**What the exercise asks:** Starting at the line that contains "Giaccone vintage pelle vera gas" and ending at the line that contains "Seiko 5 АВТОМАТИЧЕСКИЕ", the lines below are to be given again exactly, with nothing added.

*** Records for the exercise ***

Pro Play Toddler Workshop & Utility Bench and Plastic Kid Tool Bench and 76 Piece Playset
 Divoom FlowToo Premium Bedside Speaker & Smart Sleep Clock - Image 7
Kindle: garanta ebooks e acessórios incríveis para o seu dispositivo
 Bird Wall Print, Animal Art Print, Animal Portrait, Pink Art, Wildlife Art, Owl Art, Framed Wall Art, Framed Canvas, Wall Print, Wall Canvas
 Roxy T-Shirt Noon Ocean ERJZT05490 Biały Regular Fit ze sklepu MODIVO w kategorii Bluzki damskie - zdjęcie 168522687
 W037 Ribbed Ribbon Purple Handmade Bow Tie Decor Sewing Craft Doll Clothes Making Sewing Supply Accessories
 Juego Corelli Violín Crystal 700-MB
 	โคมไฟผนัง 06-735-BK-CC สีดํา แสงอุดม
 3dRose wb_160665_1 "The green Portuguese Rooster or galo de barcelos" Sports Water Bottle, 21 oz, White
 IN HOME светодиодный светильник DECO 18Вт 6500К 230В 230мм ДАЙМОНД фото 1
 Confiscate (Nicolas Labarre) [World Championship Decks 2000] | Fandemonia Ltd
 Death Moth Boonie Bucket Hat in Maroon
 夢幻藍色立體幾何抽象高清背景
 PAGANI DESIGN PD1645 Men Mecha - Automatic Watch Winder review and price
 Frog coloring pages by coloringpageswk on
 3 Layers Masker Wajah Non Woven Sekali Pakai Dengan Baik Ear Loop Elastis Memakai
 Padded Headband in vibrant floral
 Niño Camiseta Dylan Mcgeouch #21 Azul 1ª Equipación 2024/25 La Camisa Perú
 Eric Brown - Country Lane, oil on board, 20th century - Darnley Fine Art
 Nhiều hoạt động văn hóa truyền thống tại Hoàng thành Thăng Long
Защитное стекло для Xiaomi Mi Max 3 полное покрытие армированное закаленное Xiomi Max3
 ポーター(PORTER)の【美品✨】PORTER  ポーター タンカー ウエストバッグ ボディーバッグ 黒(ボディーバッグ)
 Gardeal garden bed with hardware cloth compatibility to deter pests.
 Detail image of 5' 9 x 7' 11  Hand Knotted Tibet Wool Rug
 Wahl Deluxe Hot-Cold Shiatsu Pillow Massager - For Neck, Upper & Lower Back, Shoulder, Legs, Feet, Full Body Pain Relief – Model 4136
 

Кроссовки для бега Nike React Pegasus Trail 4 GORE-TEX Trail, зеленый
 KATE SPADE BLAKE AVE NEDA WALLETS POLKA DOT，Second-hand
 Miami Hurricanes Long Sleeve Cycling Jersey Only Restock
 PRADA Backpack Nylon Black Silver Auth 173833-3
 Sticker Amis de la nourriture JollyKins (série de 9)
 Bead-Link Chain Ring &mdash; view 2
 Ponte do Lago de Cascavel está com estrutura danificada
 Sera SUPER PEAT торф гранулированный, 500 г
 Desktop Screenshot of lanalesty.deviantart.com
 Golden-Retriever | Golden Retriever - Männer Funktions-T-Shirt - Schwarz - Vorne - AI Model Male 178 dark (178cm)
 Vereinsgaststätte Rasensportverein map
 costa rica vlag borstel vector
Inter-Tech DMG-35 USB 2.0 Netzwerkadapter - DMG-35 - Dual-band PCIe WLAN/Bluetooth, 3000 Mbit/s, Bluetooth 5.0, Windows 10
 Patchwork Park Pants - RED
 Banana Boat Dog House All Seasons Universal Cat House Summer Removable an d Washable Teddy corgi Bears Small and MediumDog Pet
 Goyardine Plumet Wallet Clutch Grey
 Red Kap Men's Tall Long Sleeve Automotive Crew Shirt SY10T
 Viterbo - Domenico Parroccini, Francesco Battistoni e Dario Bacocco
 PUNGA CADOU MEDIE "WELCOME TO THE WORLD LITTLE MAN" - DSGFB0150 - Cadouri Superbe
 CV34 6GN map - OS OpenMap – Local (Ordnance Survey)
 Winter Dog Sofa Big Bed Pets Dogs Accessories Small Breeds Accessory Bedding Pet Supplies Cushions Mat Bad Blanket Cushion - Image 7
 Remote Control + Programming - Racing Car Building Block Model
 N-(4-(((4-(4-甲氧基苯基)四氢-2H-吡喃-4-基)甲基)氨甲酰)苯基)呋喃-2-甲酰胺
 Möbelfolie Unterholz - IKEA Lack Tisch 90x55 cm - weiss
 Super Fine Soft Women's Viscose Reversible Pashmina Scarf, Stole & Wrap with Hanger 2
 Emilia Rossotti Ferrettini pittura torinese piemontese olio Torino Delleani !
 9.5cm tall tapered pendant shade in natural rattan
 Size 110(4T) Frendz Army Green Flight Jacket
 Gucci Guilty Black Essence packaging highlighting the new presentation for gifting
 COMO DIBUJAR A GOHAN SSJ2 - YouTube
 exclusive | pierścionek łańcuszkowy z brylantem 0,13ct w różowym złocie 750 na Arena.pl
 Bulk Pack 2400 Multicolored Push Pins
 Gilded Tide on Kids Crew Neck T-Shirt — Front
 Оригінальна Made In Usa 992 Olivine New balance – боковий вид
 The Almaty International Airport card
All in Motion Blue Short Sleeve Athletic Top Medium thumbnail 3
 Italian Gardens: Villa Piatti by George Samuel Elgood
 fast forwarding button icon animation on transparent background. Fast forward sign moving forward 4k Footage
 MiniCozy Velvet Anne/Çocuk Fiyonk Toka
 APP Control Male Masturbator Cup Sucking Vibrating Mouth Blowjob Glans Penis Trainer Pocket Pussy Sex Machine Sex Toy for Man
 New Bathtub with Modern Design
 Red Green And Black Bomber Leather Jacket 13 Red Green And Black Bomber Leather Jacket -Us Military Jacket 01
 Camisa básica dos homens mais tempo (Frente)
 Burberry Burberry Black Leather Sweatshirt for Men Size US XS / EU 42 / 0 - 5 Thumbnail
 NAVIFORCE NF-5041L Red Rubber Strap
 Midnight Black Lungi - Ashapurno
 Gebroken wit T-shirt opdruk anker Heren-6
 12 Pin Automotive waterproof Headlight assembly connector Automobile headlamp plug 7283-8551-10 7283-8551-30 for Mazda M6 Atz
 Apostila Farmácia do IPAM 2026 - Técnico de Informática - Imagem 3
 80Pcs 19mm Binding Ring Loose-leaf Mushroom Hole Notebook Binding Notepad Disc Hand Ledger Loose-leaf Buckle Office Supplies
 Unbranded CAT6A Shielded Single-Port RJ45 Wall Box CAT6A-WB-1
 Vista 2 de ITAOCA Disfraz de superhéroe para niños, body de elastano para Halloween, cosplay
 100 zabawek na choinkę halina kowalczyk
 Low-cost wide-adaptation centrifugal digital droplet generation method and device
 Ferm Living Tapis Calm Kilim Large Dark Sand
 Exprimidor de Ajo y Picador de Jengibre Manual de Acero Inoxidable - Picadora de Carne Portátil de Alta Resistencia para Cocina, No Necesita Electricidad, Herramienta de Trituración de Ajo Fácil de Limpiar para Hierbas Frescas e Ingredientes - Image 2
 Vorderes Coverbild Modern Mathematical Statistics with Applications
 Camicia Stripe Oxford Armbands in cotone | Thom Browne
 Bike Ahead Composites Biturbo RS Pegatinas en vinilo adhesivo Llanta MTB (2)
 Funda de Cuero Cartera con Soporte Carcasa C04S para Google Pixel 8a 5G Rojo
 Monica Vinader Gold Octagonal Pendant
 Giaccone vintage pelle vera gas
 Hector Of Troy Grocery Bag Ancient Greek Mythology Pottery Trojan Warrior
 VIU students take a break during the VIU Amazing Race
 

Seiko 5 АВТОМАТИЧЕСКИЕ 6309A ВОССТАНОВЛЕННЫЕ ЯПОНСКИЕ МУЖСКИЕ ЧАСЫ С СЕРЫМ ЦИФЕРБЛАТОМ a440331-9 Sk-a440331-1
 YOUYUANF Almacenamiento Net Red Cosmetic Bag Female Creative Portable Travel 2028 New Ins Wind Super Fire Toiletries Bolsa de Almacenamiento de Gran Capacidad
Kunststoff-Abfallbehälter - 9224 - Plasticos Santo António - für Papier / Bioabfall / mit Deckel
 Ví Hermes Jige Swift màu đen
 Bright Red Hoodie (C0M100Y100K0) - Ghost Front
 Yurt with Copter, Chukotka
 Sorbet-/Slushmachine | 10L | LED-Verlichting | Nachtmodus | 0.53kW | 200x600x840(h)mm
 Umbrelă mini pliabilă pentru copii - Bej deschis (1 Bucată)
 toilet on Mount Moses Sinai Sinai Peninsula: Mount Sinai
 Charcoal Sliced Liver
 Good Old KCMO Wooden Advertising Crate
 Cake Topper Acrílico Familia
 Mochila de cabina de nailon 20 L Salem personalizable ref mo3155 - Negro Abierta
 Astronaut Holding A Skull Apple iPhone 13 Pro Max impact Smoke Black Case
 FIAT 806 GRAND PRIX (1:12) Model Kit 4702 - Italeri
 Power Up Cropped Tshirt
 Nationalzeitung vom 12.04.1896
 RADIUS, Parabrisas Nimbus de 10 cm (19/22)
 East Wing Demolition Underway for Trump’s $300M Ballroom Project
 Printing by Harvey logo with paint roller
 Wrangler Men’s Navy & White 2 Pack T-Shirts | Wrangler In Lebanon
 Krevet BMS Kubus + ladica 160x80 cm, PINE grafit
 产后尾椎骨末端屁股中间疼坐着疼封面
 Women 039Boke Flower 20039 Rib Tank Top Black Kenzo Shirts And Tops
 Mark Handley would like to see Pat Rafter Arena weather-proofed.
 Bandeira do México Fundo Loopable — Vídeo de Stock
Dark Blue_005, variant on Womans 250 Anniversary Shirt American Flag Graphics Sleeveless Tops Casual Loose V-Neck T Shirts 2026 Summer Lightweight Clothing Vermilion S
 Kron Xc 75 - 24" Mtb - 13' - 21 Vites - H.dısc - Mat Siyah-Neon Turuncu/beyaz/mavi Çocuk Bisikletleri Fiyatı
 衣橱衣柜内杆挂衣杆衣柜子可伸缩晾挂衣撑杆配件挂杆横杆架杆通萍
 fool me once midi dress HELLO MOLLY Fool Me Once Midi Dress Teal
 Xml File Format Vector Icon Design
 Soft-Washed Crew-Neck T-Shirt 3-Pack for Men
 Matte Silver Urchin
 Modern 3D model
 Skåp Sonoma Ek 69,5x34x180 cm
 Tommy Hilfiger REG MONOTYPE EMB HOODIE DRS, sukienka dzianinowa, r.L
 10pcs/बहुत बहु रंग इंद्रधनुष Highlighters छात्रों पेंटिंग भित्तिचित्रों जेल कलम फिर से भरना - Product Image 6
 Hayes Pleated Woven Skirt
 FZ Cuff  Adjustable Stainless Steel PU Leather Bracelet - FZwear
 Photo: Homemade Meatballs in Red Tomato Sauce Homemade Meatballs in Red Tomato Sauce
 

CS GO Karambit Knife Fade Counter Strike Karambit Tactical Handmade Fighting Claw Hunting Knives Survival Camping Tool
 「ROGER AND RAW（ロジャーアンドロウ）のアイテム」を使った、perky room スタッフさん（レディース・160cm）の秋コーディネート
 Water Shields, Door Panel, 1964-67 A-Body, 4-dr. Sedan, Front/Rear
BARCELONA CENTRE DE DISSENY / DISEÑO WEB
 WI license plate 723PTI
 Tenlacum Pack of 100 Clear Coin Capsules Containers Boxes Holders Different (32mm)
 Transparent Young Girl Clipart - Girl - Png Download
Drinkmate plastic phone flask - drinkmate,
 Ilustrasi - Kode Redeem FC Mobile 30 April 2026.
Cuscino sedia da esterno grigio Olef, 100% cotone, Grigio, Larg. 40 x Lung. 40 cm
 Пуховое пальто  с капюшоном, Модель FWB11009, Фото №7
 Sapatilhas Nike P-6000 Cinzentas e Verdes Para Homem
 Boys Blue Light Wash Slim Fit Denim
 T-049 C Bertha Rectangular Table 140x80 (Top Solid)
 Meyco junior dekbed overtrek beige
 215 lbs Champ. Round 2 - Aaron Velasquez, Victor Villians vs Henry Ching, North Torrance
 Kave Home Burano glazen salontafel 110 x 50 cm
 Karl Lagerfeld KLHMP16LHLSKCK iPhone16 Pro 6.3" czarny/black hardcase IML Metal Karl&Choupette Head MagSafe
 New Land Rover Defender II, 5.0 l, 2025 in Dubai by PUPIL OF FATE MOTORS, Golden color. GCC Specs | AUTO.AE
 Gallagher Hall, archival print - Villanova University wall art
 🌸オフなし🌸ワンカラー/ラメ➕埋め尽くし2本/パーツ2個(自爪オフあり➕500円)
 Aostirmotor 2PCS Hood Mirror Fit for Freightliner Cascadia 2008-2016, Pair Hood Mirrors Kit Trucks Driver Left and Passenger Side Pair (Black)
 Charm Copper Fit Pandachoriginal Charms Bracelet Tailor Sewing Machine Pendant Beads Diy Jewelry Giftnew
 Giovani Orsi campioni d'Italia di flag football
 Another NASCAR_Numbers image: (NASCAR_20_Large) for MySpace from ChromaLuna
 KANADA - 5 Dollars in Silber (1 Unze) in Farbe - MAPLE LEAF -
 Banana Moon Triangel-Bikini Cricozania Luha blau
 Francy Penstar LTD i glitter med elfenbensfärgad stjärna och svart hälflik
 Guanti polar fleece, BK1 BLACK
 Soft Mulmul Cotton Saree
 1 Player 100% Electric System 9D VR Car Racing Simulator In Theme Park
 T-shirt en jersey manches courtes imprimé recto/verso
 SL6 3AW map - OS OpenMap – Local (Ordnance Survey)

*** End of Records for the exercise ***

**Expected answer:**
 Giaccone vintage pelle vera gas
 Hector Of Troy Grocery Bag Ancient Greek Mythology Pottery Trojan Warrior
 VIU students take a break during the VIU Amazing Race
 

Seiko 5 АВТОМАТИЧЕСКИЕ 6309A ВОССТАНОВЛЕННЫЕ ЯПОНСКИЕ МУЖСКИЕ ЧАСЫ С СЕРЫМ ЦИФЕРБЛАТОМ a440331-9 Sk-a440331-1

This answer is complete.